Fusionner ces marchés à l'échelle européenne relève d'une dynamique complexe, qui a été contrariée par les règles de plus en plus strictes imposées par la Commission, des années 1970 aux années 1990. Jusqu'au sein même de la Commission, on entend dire que la seule politique industrielle de l'Union européenne est la politique de la concurrence. Or, sauf l'exception culturelle, nous nous interdisons tout crédit d'impôt sectoriel - une limite que les Américains ne s'imposent nullement. Cela nous empêche, et c'est regrettable, de construire, en particulier dans le domaine technologique, des groupes européens en mesure de rivaliser avec leurs homologues nord-américains ou asiatiques ; l'investissement dans les nouvelles technologies est difficile sans aides d'État, dont ces redoutables concurrents ne se privent pas.

Je n'ai rien contre une régulation de la concurrence, mais j'ai l'impression que l'émergence de nos industries européennes est pénalisée par un certain dogmatisme. Je préconise pour ma part un système de « serpent fiscal » qui autoriserait aux États une fourchette de crédit d'impôt dans les secteurs jugés prioritaires. Grâce au crédit d'impôt recherche, nous avons atteint l'excellence dans ce domaine, mais nous n'avons pas la filière verticale qui en faciliterait l'exploitation industrielle.

M. Michel Raison . - J'abonderai dans le même sens, en prenant des exemples agricoles : devons-nous être fiers ou inquiets de la faveur dont jouit notre Autorité de la concurrence ? Voici quelques années, l'Autorité s'est attaquée au cartel des endives ; condamnés à une amende de 3 millions d'euros, les producteurs ont gagné en appel, mais cet organisme, faisant preuve d'un véritable acharnement, s'est pourvu en cassation. Des producteurs de lait ont aussi été condamnés pour s'être regroupés, malgré leur relation profondément déséquilibrée avec les centrales d'achat.

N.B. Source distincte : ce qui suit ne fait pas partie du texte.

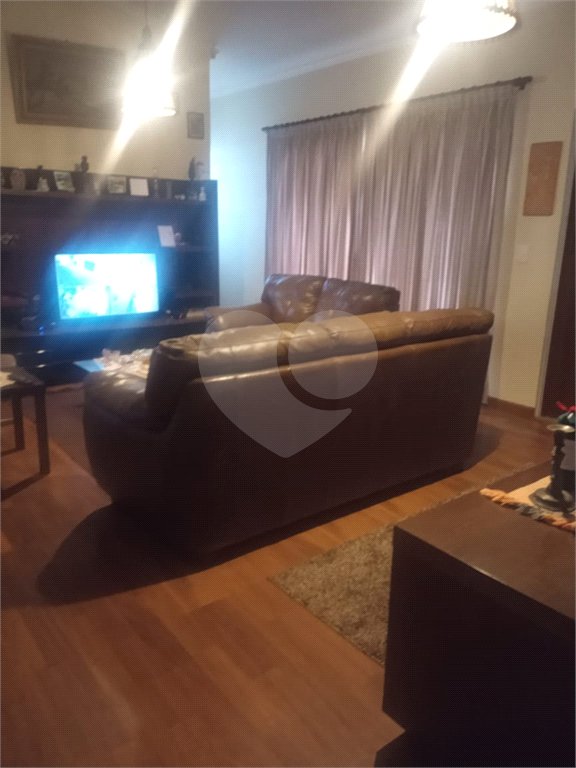Casa à venda com 2 suítes em Jardim Santa Bárbara, Atibaia, SP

Ce constat ne s'applique pas qu'à l'Autorité de la concurrence : malgré une surcharge de normes, nos administrations et autorités sont si performantes que nous appliquons mieux que les autres les réglementations européennes, avec pour conséquence des pertes de parts de marché au niveau européen.

M. Jean-Paul Emorine , vice-président . - Vous affirmez que les règles de fond sont les mêmes, seules les procédures nationales divergent. Je puis vous citer l'exemple d'une entreprise d'envergure mondiale qui s'interroge sur la pérennité de son siège en France, parce que l'Autorité de la concurrence la juge en situation de monopole. La procédure est en cours depuis deux ans, ce qui remet en cause les décisions d'investissement de l'entreprise avec, au bout, un risque de disparition d'emplois dans le Nord et le Centre, où ils ne seront pas facilement remplacés. De trop fortes divergences d'application entre les pays européens pourraient déboucher sur des délocalisations complètes.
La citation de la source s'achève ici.